* [YOUR OBJECTIVE]
Working from the records below, return word for word the line that contains "Mini Split AC" and each line after it, ending with the last. Skip all pictures.

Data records
• • • •

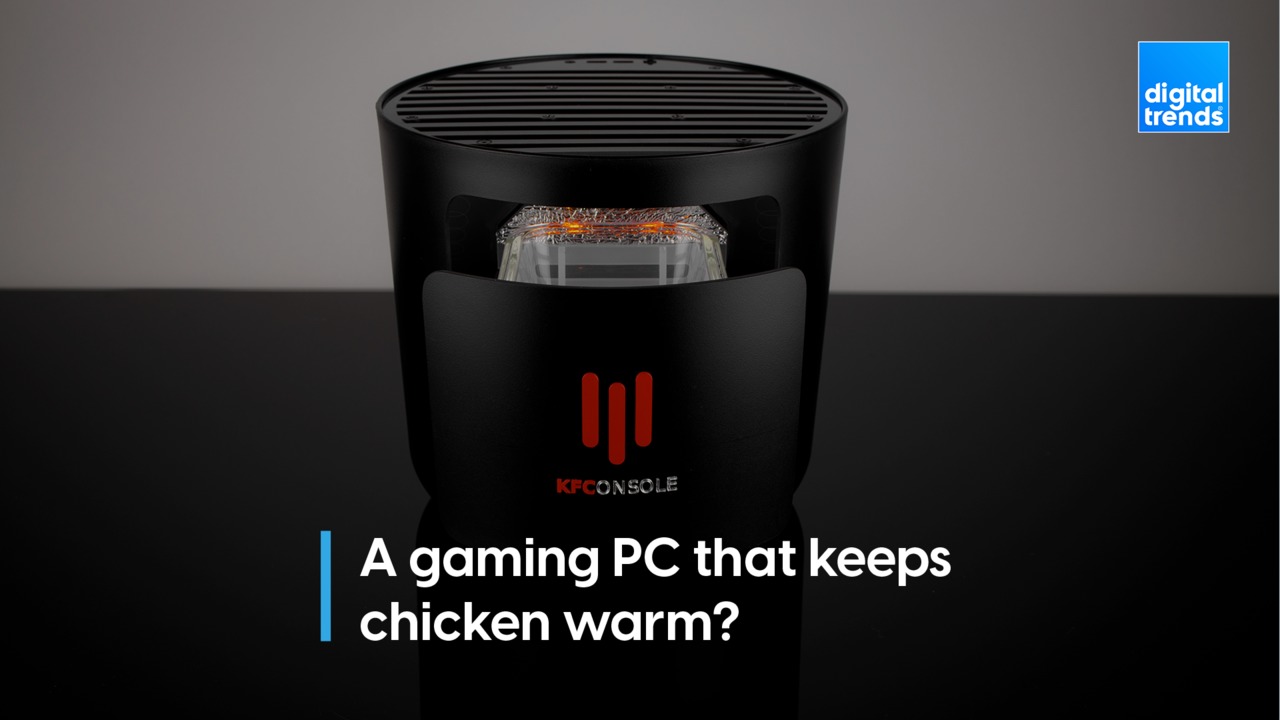 A hot new gaming PC ... made by KFC??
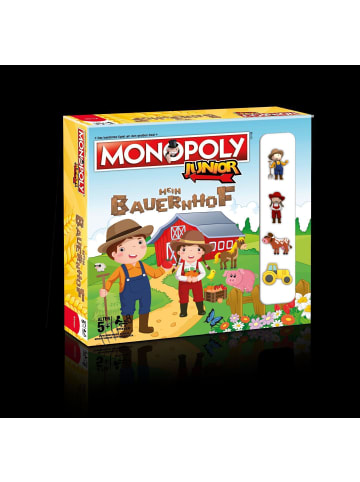 Winning Moves Monopoly Junior Mein Bauernhof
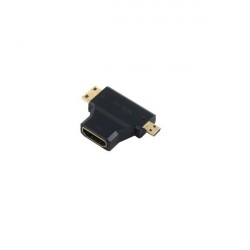 PremiumCord Adapter HDMI na miniHDMI - microHDMI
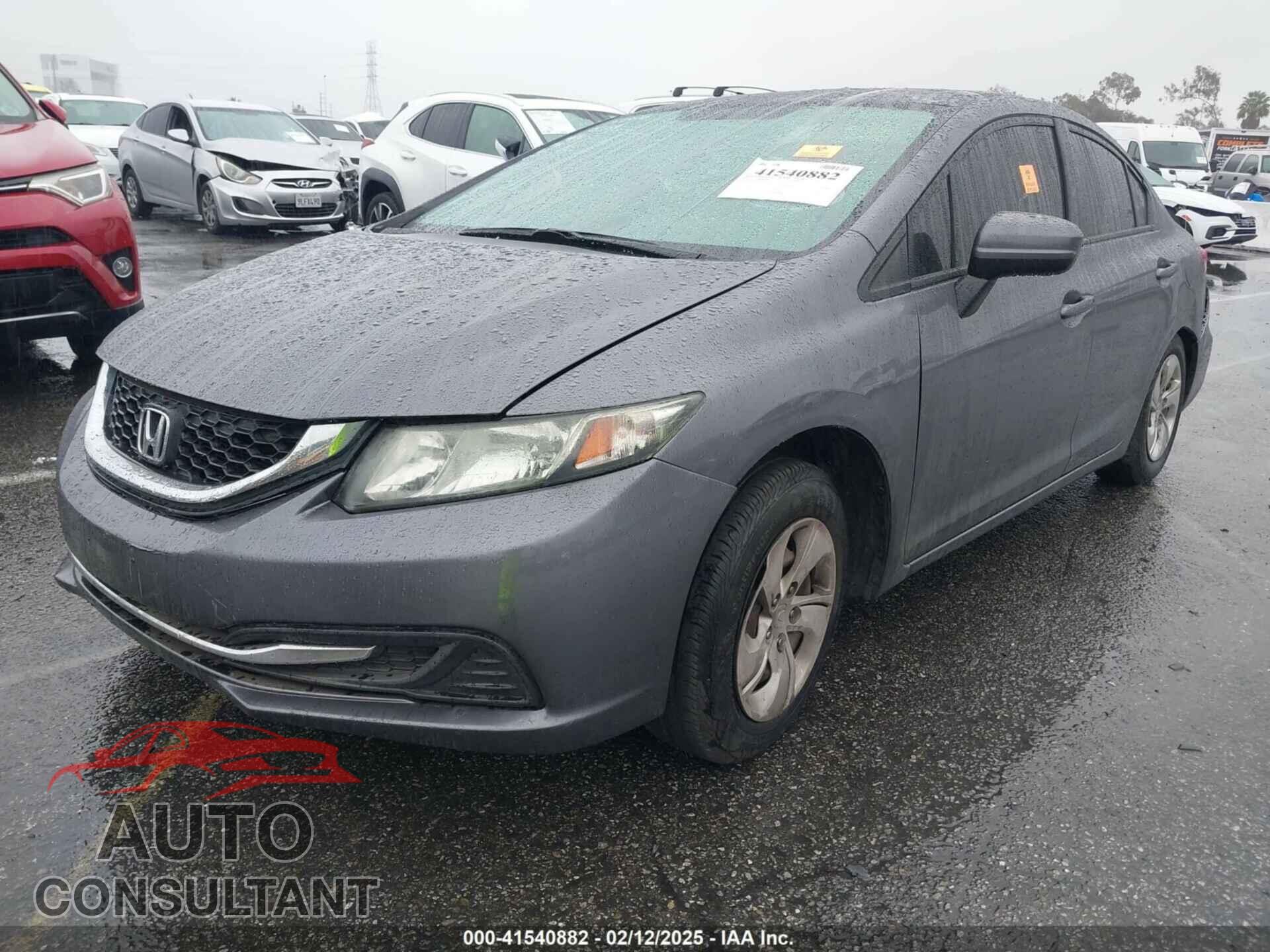 HONDA CIVIC 2014 - 19XFB2F5XEE253134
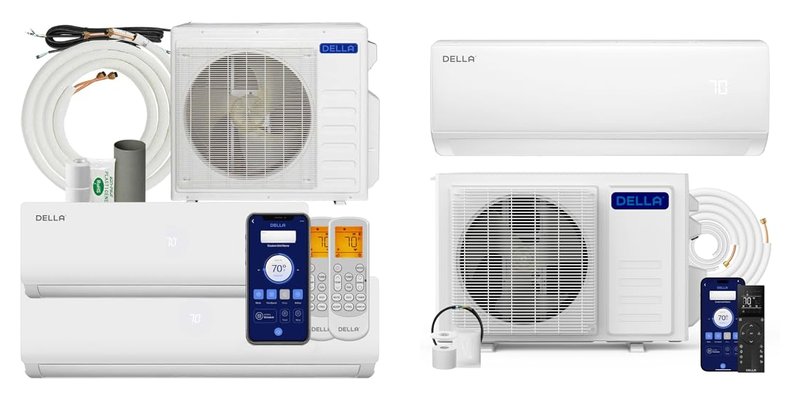 Mini Split AC Systems for Cooling 2000 Sq Ft Homes
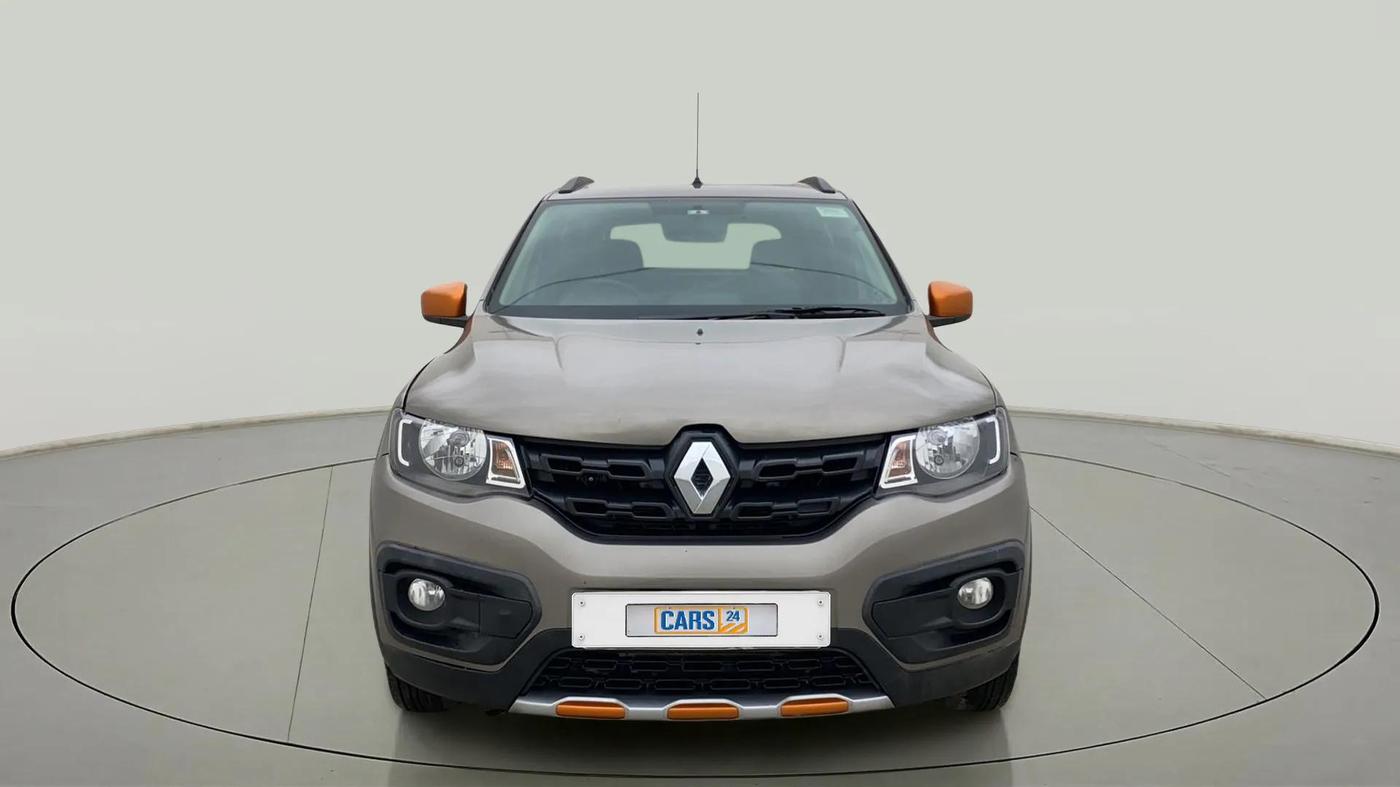 2017 Renault Kwid CLIMBER 1.0 AMT, Petrol, Automatic, 29,888 km, Front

• • • •

* [ANSWER TO THIS PROBLEM]
 Mini Split AC Systems for Cooling 2000 Sq Ft Homes
 2017 Renault Kwid CLIMBER 1.0 AMT, Petrol, Automatic, 29,888 km, Front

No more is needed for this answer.